Cette société n'est titulaire d'aucun compte bancaire.
Elle a fait réaliser un rapport de sa situation financière par le Cabinet Groupe BSF, qui insiste préalablement sur le fait que la comptabilité 2023 n'a pas été auditée et ne repose que sur les données communiquées par la direction.
Ce rapport n'est soutenu par aucun autre élément comptable.
Le compte de résultat au 30 septembre 2023 présente une situation négative de 46.039 euros et le prévisionnel d'exploitation proposé par le Groupe BSF pour les années 2024 à 2026 reste négatif : -25.300 euros, -25.614 euros et -25.218 euros.
4. Par ailleurs, l'appelante a, dès l'ouverture de la procédure collective sur assignation de la MSA, fait état de divers actifs immobiliers détenus par d'autres sociétés du groupe, par la société mère ou encore par M. [G] et a fait connaître que leur cession était en cours aux fins d'apports en compte courant des associés de la débitrice.
Ainsi, la viabilité de l'entreprise ne résulterait pas de ses capacités mais de soutiens externes.

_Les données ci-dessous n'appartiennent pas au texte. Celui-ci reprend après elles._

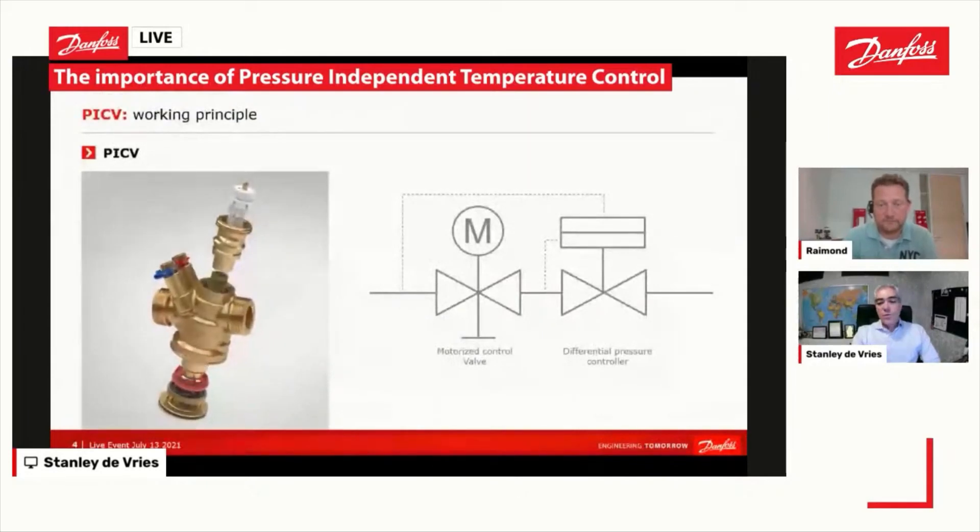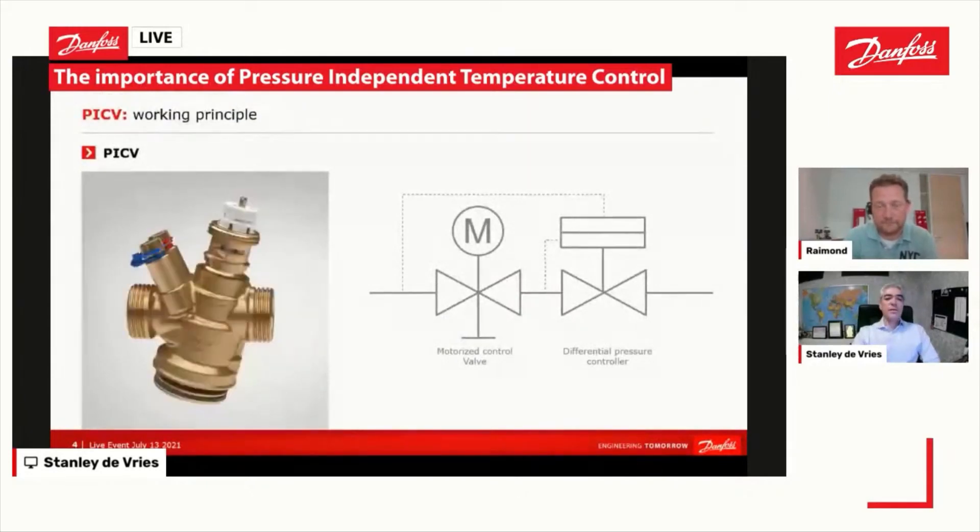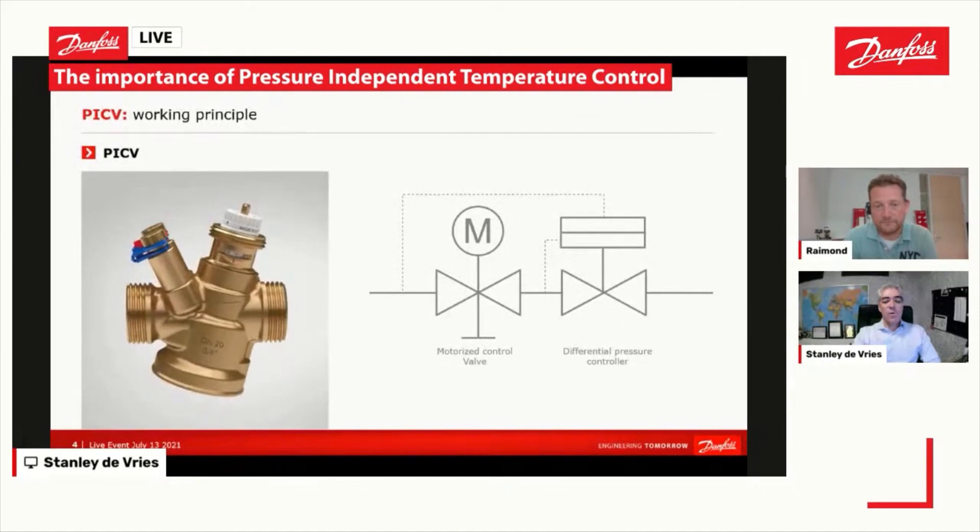Now we come to the PICV, which, as I mentioned before, is a pressure-independent control valve. It is basically a two-in-one valve. We have a control valve — everybody knows what a control valve does, it controls the temperature in the room — but we also have this combined with a pressure controller internally.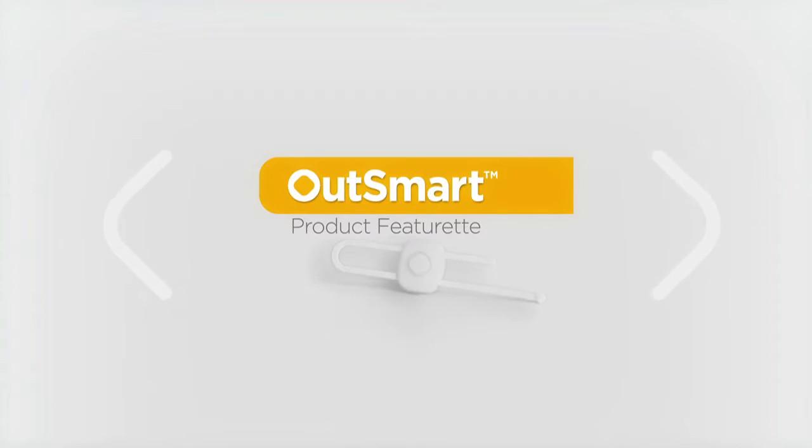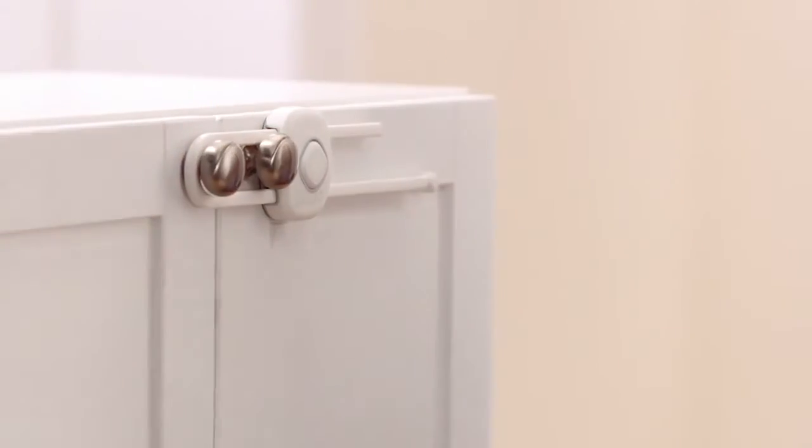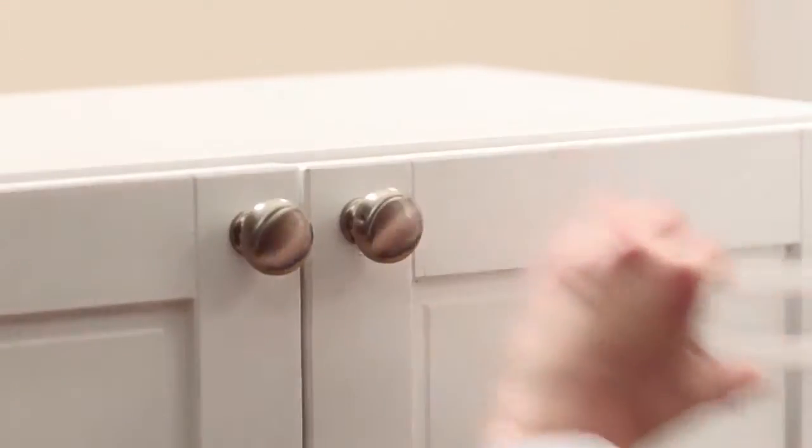The Outsmart Slide Lock is a great way to secure double door cabinets. It's easy to install, no drilling required, and easy to open and close. Just press and slide.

Au demeurant, si l'existence de ces actifs est démontrée, il apparaît que, depuis 2022, la société [Adresse 4] n'a pas fait la preuve de l'engagement de négociations de vente voire de promesses de vente sérieusement conclues.
5. Enfin, 'l'engagement de cautionnement' produit en cause d'appel ne peut être pris en considération faute d'éléments suffisants relatifs à la situation patrimoniale de M. [G] et de la société Divin. Il doit être observé que la production des actes d'acquisition de divers immeubles à [Localité 7] et en Gironde n'est pas suffisante dans la mesure où les extraits des actes authentiques qui y sont relatifs ne permettent pas de déterminer si les acquéreurs ont eu recours à l'emprunt et si les biens considérés seraient ou non grevés de sûretés au titre d'éventuels emprunts.
6. Dès lors, c'est par des motifs pertinents, qui ne sont pas remis en cause par les débats en appel et que la cour adopte, que le premier juge, après avoir souligné qu'il ressortait de l'analyse globale de la situation de la société [Adresse 4] qu'elle ne possédait aucune stratégie économique autre que celle consistant à vendre des actifs détenus par des tiers et qu'elle n'avait pas été en capacité de démontrer une activité bénéficiaire suffisante pour apurer son passif pendant la période d'observation de quinze mois, a rejeté le plan de redressement proposé et a prononcé la conversion de la procédure en procédure de liquidation judiciaire.
La cour ajoute que l'appelante fait état de stocks et d'actifs dont elle ne rapporte pas la preuve.
Il n'est donc pas démontré que la société Château Haut Brignon est en mesure de faire face à son passif exigible avec son actif disponible, le prévisionnel réalisé avec difficulté par l'expert comptable révélant une situation irrémédiablement compromise rendant son redressement impossible au sens de l'article L.640-1 du code de commerce.
Le jugement déféré sera dès lors confirmé ; les dépens de l'appel seront employés en frais privilégiés de la procédure collective.
PAR CES MOTIFS :
La cour, statuant publiquement par arrêt contradictoire en dernier ressort,
Confirme le jugement prononcé le 8 mars 2024 par le tribunal judiciaire de Bordeaux.
Y ajoutant,
Ordonne l'emploi des dépens de l'appel en frais privilégiés de la procédure collective.